Quantization Aware Training in PyTorch

Photoplethysmography(PPG) data to predict cardiovascular risk through Deep Learning

Aug 10, 2024

Articles

Quantization in deep learning refers to the process of reducing the precision of the numbers used to represent the model's parameters and activations. Typically, deep learning models use 32-bit floating-point numbers (float32) for computations. Quantization aims to use lower precision formats, such as 16-bit floating-point (float16), 8-bit integers (int8), or even lower bit-widths.

The reason why quantization is used is that, for heavy inference workloads, it is possible to reduce the cost either through memory or compute to use this saving for making the model complex without regressing the overall model accuracy as much.

There are multiple flavors of quantization:

Weight Quantization: Reduces the precision of model parameters.
Activation Quantization: Reduces the precision of activation outputs.
Full Integer Quantization: Converts both weights and activations to integers.
Mixed Precision: Uses different precisions for different parts of the model.

Granularity of the quantization within a particular method can also be customized:

Per-Tensor: Applies the same scale and zero-point across an entire tensor.
Per-Channel: Applies different scales and zero-points for each channel in a tensor.
Per-Group: Applies quantization to groups of channels or neurons.

Large models like GPT-3 (175B parameters) or BERT-Large (340M parameters) can be reduced by 75% or more. This would benefit memory usage for the machines as memory access often bottlenecks inference speed. Quantized models require less memory bandwidth, leading to faster inference.

Further, Many AI accelerators are optimized for low-precision arithmetic such as Google's TPUs, NVIDIA's Tensor Cores, and Intel's Nervana NNP.
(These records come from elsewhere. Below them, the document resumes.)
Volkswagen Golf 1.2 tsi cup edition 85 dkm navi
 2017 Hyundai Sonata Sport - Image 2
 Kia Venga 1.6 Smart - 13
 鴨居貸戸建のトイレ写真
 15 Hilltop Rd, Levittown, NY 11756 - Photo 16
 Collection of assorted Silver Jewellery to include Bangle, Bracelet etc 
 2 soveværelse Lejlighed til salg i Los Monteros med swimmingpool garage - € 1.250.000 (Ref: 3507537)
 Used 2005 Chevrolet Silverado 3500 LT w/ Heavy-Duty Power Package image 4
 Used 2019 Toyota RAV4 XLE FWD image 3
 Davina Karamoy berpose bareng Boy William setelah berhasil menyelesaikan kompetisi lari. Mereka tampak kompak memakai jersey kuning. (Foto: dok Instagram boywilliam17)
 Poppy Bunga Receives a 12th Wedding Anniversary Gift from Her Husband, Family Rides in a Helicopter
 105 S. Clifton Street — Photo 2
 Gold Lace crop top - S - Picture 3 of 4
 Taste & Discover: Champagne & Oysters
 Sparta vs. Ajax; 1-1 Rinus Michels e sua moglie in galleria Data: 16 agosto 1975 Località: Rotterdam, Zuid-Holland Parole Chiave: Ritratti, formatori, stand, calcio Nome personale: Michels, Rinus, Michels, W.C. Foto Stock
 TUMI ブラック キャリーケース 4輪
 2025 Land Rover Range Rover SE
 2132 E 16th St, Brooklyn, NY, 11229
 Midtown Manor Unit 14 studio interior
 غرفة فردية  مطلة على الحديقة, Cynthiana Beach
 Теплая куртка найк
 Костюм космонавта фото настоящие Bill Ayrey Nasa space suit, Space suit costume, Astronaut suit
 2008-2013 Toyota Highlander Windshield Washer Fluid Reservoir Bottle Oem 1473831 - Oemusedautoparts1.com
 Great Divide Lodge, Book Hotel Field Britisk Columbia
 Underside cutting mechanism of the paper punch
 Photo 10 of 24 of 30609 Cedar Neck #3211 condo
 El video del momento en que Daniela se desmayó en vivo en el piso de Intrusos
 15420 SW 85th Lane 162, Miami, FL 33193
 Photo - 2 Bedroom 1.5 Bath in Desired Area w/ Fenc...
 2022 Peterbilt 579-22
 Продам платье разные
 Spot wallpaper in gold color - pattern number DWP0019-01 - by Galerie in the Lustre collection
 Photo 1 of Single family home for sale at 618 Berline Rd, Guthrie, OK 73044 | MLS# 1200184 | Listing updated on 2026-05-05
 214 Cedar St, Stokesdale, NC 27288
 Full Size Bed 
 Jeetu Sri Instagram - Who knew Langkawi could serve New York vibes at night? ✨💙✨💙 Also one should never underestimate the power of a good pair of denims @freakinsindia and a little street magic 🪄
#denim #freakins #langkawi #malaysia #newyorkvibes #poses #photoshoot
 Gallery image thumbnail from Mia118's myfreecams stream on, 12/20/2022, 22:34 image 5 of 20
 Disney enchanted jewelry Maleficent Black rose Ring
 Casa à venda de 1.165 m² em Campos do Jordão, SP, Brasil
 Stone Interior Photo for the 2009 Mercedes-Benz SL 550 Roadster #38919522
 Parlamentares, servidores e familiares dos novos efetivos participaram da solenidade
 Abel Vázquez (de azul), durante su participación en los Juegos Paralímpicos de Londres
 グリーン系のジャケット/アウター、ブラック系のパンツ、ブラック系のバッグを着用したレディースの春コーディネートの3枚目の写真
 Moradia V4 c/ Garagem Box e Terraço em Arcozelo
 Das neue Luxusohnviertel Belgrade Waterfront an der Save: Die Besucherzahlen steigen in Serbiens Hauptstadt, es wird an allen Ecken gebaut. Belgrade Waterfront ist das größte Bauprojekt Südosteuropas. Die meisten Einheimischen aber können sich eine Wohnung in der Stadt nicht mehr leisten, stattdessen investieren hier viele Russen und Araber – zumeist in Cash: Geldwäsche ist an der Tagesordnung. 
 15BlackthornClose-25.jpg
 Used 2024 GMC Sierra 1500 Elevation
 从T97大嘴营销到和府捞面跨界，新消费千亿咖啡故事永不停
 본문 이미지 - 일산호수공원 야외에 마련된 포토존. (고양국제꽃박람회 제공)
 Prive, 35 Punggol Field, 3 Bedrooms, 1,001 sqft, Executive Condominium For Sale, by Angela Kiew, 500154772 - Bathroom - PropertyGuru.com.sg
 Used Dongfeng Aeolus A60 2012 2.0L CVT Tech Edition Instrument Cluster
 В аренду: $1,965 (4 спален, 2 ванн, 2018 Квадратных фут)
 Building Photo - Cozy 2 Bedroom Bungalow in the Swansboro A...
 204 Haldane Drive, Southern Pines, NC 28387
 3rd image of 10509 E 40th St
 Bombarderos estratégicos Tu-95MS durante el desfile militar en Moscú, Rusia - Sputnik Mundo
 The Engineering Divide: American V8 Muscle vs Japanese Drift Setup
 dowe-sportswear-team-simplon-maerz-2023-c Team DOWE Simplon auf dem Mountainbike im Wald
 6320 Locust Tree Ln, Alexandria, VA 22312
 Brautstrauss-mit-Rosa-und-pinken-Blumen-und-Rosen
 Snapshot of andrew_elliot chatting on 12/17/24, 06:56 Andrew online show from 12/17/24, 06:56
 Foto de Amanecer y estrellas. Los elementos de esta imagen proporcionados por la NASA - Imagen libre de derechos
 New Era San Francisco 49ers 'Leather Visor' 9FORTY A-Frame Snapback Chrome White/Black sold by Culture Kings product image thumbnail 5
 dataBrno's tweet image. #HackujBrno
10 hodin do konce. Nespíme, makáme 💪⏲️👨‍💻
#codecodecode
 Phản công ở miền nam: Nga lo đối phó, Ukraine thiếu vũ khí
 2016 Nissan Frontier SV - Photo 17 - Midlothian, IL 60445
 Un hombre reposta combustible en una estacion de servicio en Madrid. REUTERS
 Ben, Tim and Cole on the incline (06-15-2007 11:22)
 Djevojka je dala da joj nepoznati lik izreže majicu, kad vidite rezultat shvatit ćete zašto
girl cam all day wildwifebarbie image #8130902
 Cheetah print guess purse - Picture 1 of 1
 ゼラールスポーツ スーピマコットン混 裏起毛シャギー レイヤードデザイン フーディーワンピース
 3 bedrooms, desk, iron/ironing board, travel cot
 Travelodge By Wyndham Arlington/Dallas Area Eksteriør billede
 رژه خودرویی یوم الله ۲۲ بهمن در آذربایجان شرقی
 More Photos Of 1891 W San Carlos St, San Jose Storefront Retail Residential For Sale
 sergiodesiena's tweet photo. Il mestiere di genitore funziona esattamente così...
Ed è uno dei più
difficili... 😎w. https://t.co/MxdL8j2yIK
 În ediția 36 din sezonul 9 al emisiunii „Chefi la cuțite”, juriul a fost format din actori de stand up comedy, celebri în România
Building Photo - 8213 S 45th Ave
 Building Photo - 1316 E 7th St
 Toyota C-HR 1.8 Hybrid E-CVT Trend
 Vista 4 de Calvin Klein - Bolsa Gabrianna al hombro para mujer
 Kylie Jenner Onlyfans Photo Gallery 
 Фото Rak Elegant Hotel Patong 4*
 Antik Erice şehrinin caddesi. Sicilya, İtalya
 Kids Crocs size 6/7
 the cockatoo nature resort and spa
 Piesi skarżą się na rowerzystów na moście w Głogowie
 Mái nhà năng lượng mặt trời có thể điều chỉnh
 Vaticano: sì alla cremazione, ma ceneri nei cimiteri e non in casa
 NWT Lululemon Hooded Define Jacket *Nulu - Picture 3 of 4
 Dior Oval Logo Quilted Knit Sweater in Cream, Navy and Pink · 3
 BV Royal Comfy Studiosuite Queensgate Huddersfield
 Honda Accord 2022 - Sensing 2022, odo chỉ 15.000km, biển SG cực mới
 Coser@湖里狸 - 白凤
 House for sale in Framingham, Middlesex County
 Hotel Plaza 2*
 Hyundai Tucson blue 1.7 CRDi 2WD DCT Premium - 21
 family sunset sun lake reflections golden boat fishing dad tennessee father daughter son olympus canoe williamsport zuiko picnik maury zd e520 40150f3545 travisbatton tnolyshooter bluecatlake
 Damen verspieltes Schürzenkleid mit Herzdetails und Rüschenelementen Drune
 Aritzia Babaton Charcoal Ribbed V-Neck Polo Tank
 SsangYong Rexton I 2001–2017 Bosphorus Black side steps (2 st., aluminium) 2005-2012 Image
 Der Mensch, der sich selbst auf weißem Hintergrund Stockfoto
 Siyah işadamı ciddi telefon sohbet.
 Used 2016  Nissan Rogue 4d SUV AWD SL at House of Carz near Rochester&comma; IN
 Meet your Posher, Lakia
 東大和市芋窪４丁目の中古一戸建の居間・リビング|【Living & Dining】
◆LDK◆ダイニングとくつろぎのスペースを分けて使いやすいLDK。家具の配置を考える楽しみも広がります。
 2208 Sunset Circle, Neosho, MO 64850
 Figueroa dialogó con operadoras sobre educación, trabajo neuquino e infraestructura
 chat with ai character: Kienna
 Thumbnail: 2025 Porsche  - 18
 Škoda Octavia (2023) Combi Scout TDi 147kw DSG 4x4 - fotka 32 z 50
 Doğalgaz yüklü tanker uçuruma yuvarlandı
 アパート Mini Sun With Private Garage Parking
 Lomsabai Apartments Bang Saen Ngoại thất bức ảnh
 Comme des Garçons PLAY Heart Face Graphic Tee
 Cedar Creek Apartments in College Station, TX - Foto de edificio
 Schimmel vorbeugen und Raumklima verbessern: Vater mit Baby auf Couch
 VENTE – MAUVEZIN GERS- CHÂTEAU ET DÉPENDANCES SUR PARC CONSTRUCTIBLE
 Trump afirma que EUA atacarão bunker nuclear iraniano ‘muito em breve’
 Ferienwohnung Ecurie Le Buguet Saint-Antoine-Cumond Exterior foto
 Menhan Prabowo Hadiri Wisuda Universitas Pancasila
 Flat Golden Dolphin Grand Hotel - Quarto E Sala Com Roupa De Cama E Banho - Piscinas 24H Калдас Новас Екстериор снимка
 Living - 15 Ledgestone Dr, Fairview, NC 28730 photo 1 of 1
It also enables running sophisticated models on resource-constrained devices. Lower precision computations consume significantly less energy. Running BERT models on smartphones for on-device natural language processing requires much less energy due to resource constrained in smartphones than server deployments.

Quantization Techniques

There are multiple ways to apply quantization. If the quantization is applied after training, it is called Post Training Quantization(PTQ). It generally is the most commonly used quantization technique across board as it is very simple to apply and no retraining is needed and also it does not introduce any regressions in training. However, this also reduces the accuracy of the models based on the quantization overall.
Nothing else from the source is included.